`TTbarResCoffeaOutputs` Notebook to produce Coffea output files for an all hadronic $t\bar{t}$ analysis.  The outputs will be found in the corresponding **CoffeaOutputs** directory.

In [None]:
import time
import copy
import scipy.stats as ss
from coffea import hist
from coffea.analysis_objects import JaggedCandidateArray
import coffea.processor as processor
from coffea import util
from awkward import JaggedArray
import numpy as np
import glob as glob
import itertools
import pandas as pd
from numpy.random import RandomState

In [None]:
#from columnservice.client import ColumnClient
#cc = ColumnClient("coffea-dask.fnal.gov")
#client = cc.get_dask()

#from distributed import Client
#client = Client('coffea-dask.fnal.gov:8786')

In [None]:
#from columnservice.client import FileManager
#FileManager.open_file(TTbarResProcessor.py)

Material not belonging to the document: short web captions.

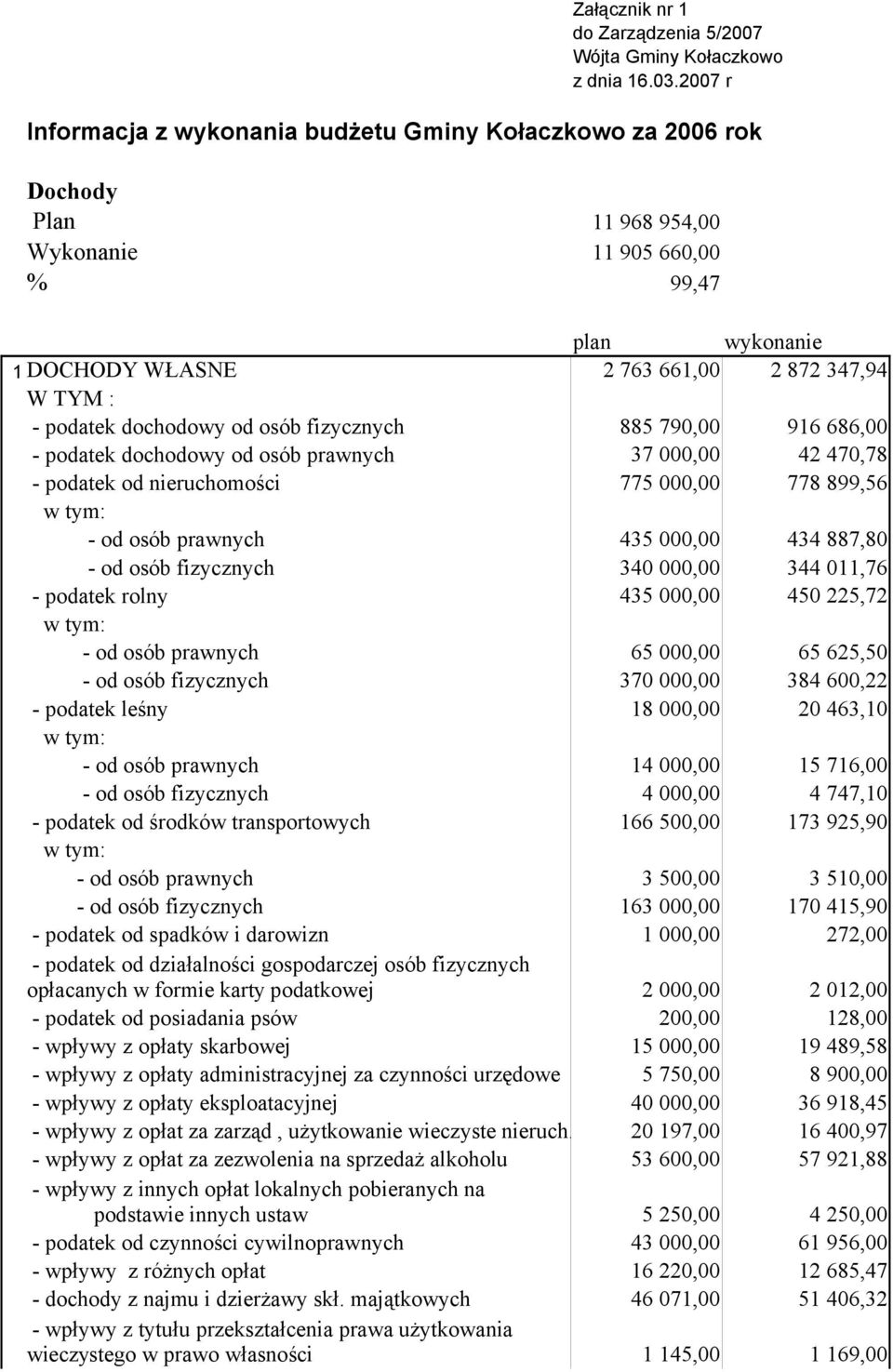 fizycznych - podatek dochodowy od osób prawnych - podatek od nieruchomości - podatek rolny - podatek leśny - podatek od środków transportowych - podatek od spadków i darowizn 2 763 661,00 885 790,00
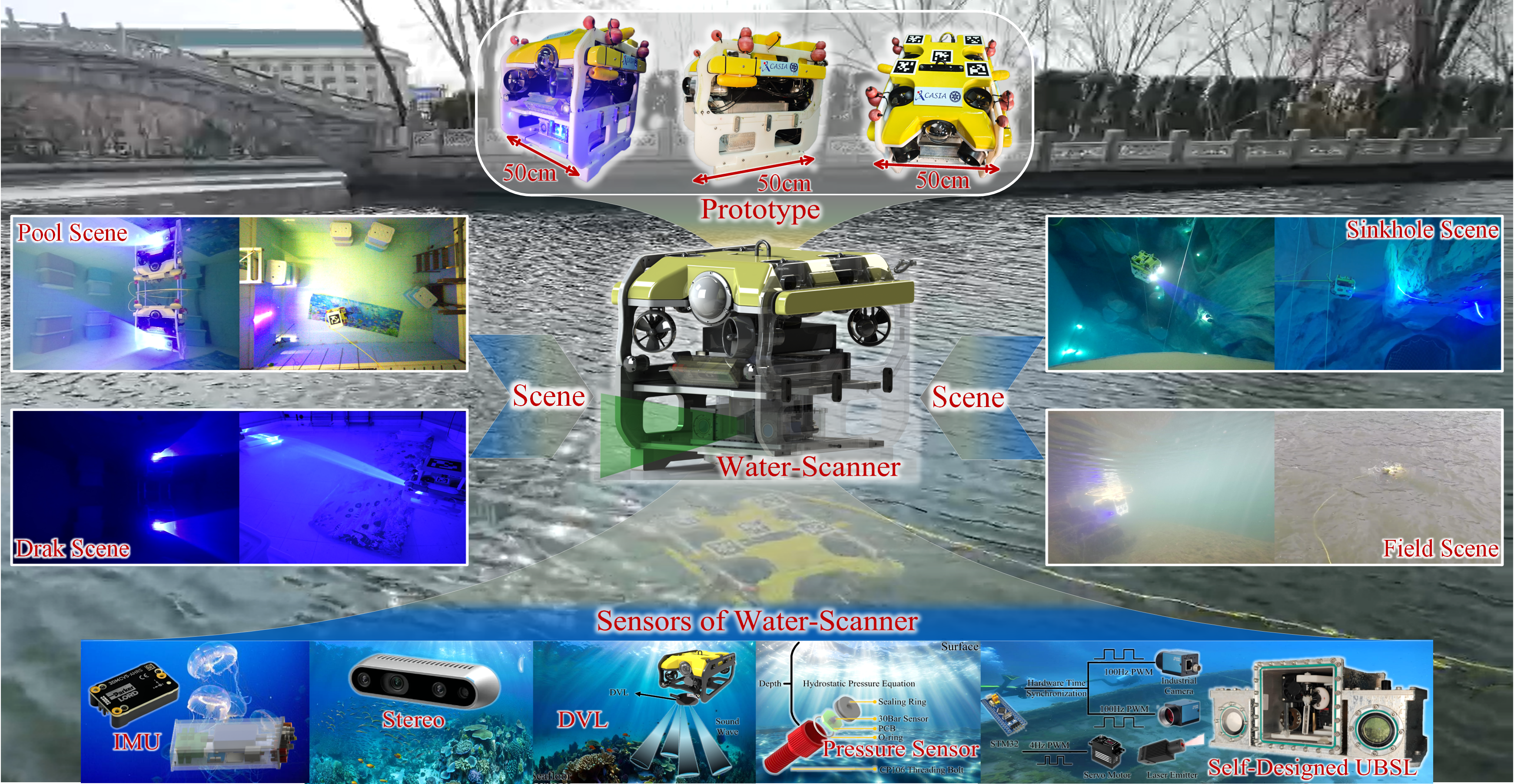 Water-Scanner Gen-2
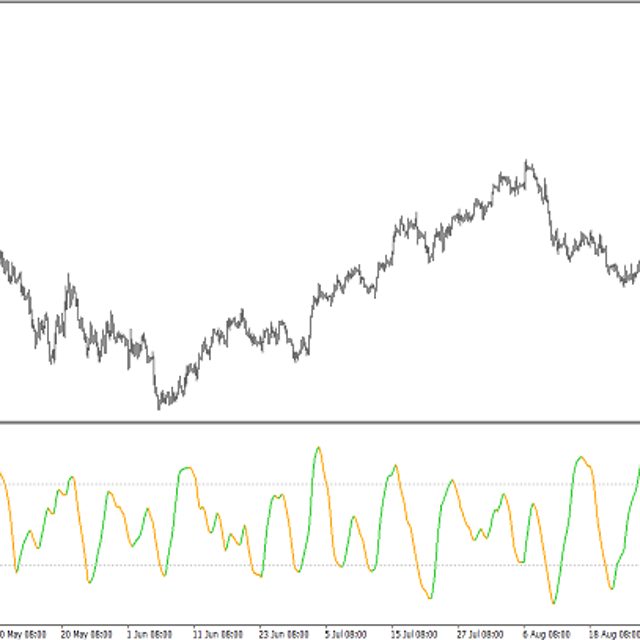 RSX of Momentum — Trading Indicator for MT4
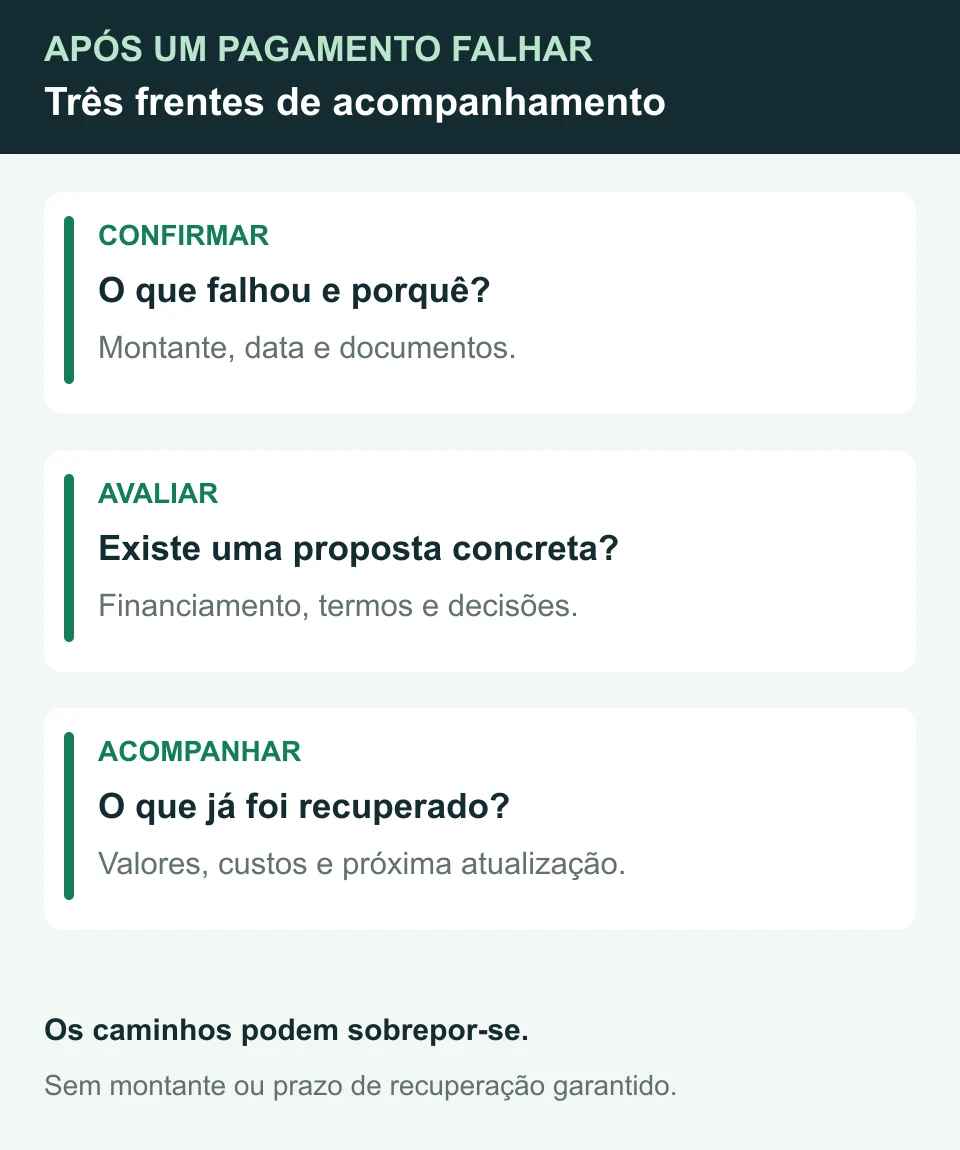 Três frentes de acompanhamento após um pagamento falhar: confirmar a causa e os valores, avaliar uma proposta documentada e acompanhar a recuperação. Os caminhos podem sobrepor-se e não têm prazo garantido.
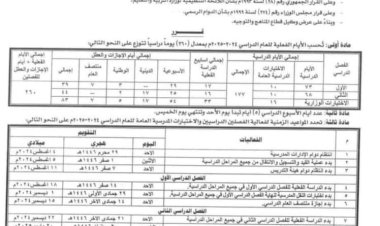 وزارة التربية تعلن ١٨ أغسطس المقبل موعداً لبدأ العام الدراسي الجديد ٢٠٢٤/٢٠٢٥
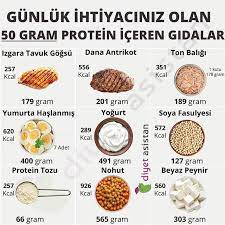 gunluk kalori ihtiyaci hesaplama saglikli gidalar diyet ipuclari gida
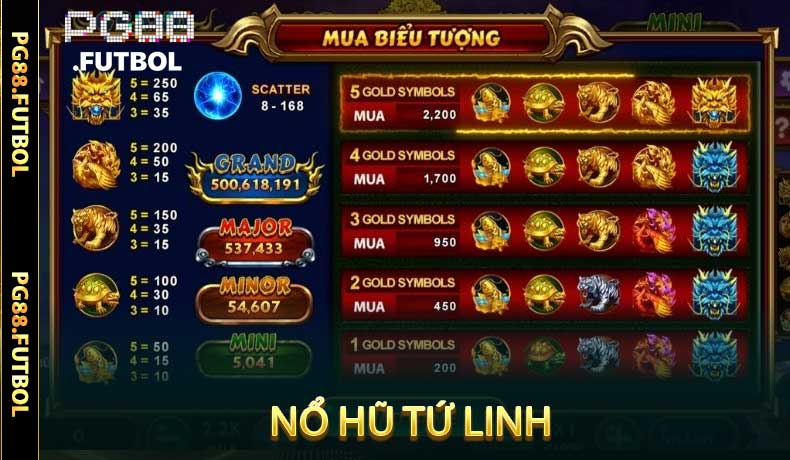 Nổ hũ Tứ Linh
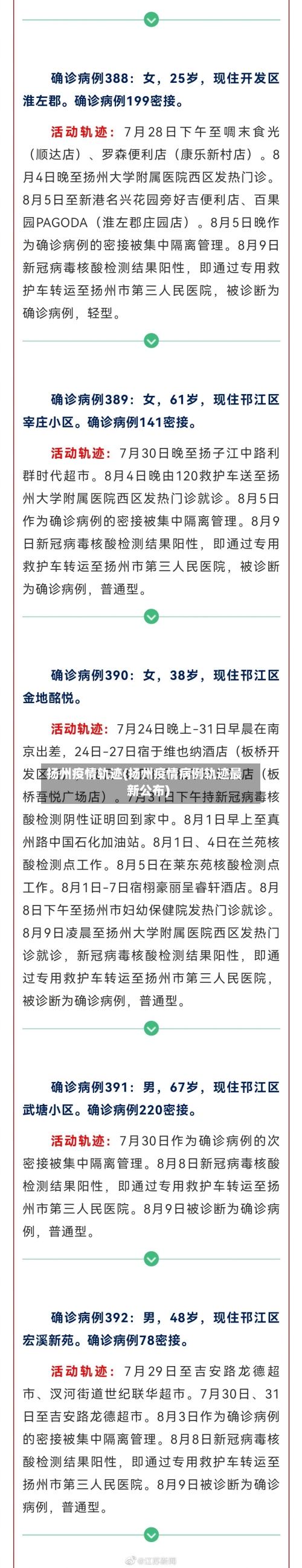 扬州疫情轨迹(扬州疫情病例轨迹最新公布)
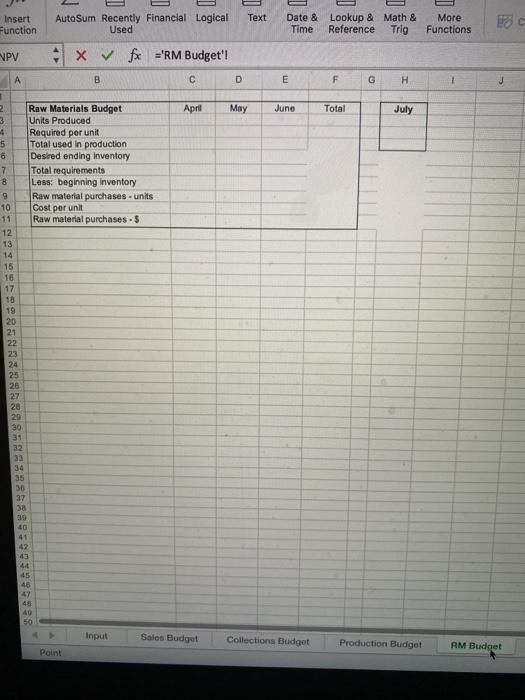 assignment is to let you see the complexity of budgeting and to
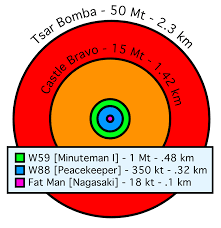 File Comparative Nuclear Fireball Sizes Svg Wikimedia Commons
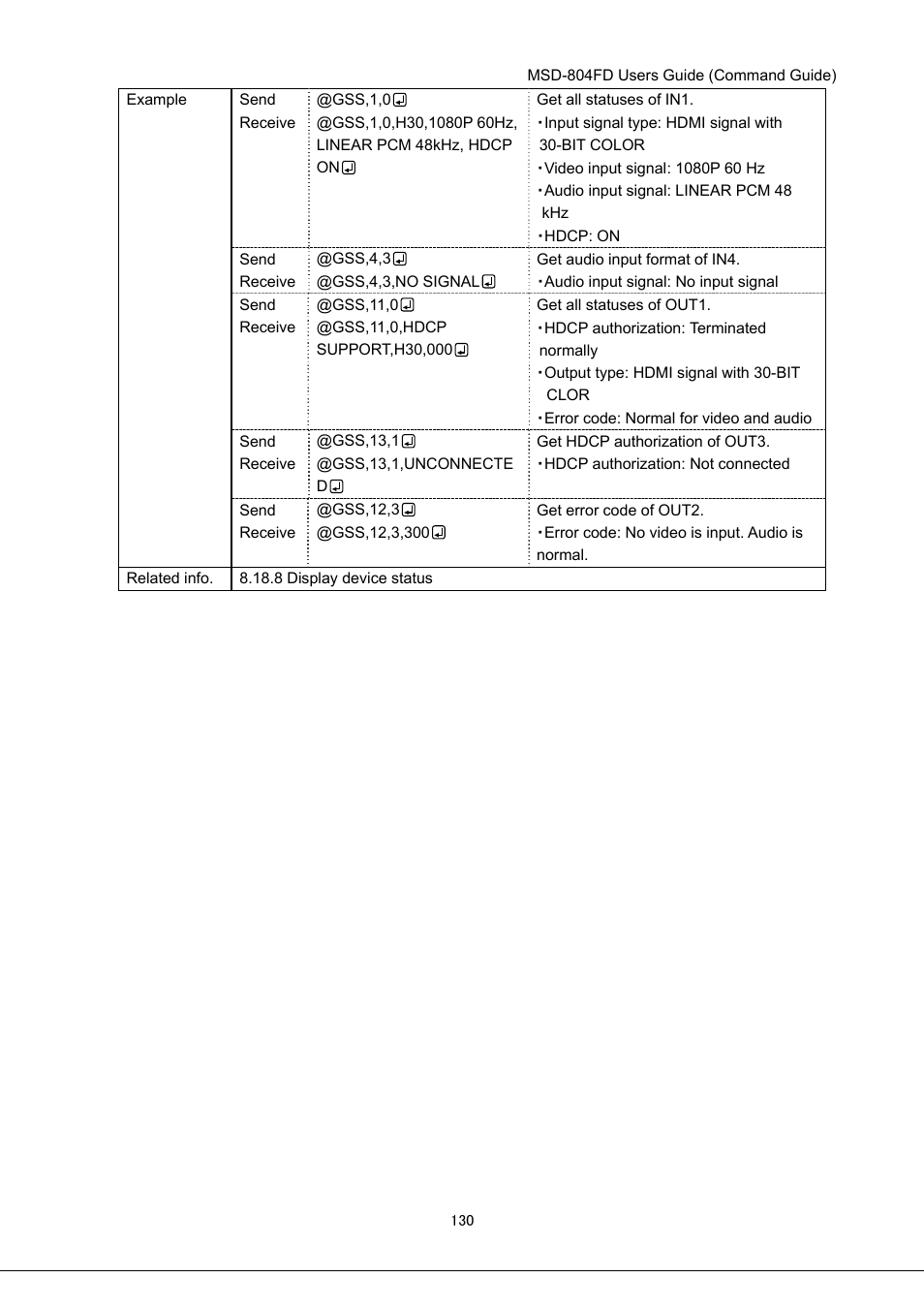 IDK MSD-804FD User Manual | Page 130 / 133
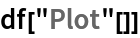 df["Plot"[]]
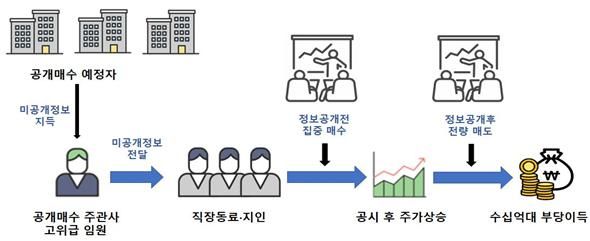 NH투자증권 임원의 공개매수 미공개정보 이용 흐름도. 금융위원회 제공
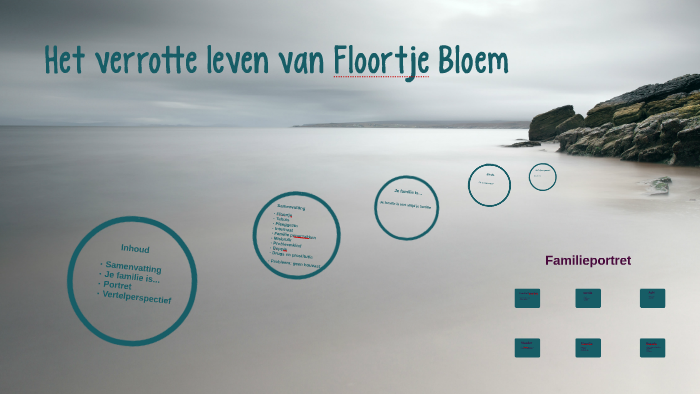 Het verotte leven van Floortje Bloem by ilse de been on Prezi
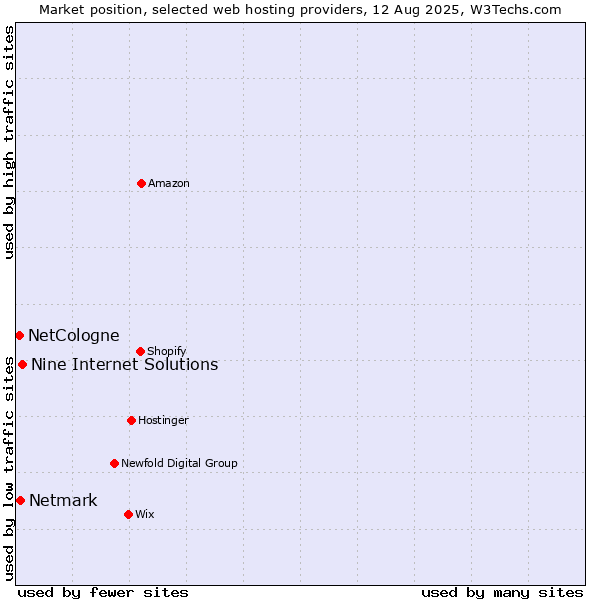 Market position of Nine Internet Solutions vs. Netmark vs. NetCologne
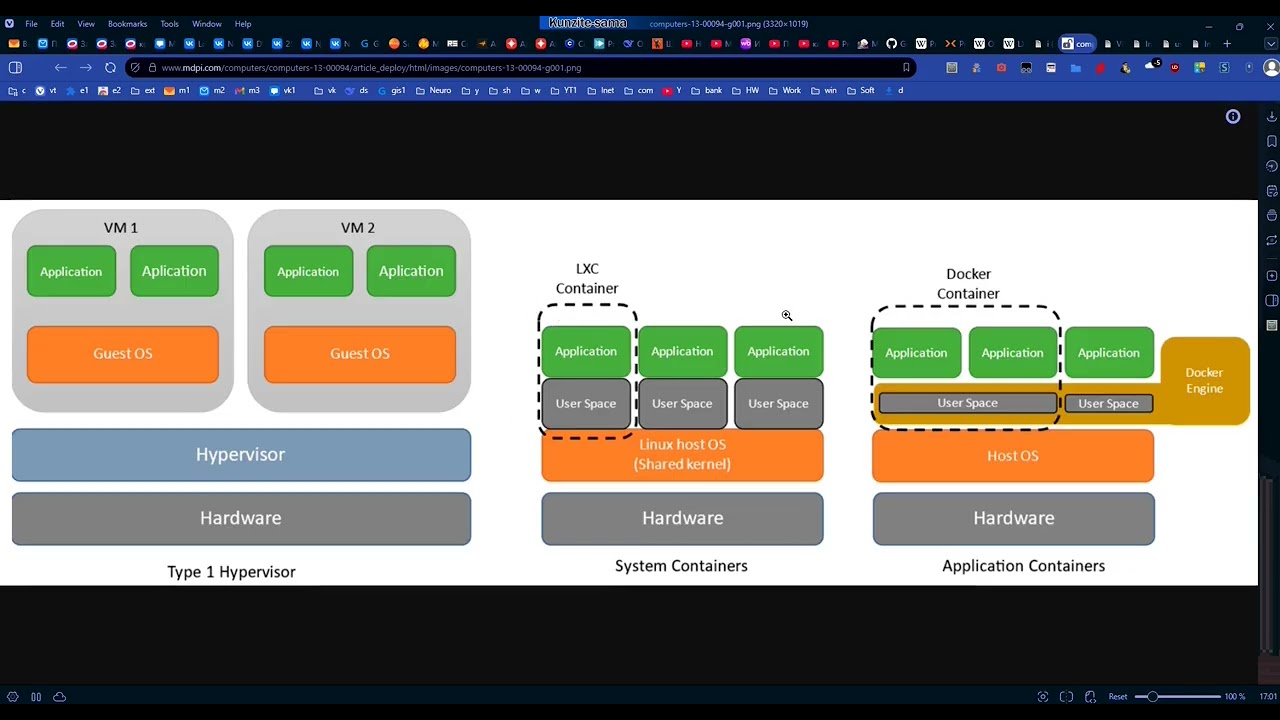 ProxMox для пользователя Часть 1 (Proxmox и LXC)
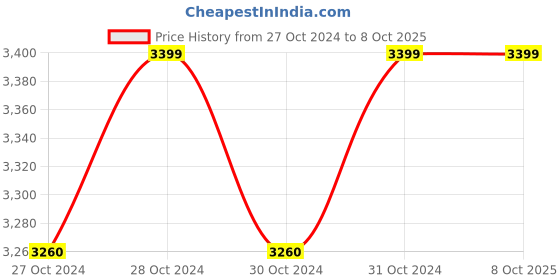moglix.com Smars 2MP Wi-Fi Smart Mirror Clock Camera with Night Vision Motion Detection smars Price History Graph from 27 Oct 2024 to 6 Oct 2025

As of 2/1/21, I haven't found a way to import the other modules defined in this current directory while running the uproot job with `processor.dask_executor`.  Any attempt to do so, the coffea processor will not recognize the module(s) as being imported properly due to how `cloudpickle` is currently implemented.  A solution (or a workaround) is being sought, but in the meantime, `processor.futures_executor` works just fine!

One possible fix for this is to find some importing method that is found in the `columnservice.client` tools.  Needs a deeper look...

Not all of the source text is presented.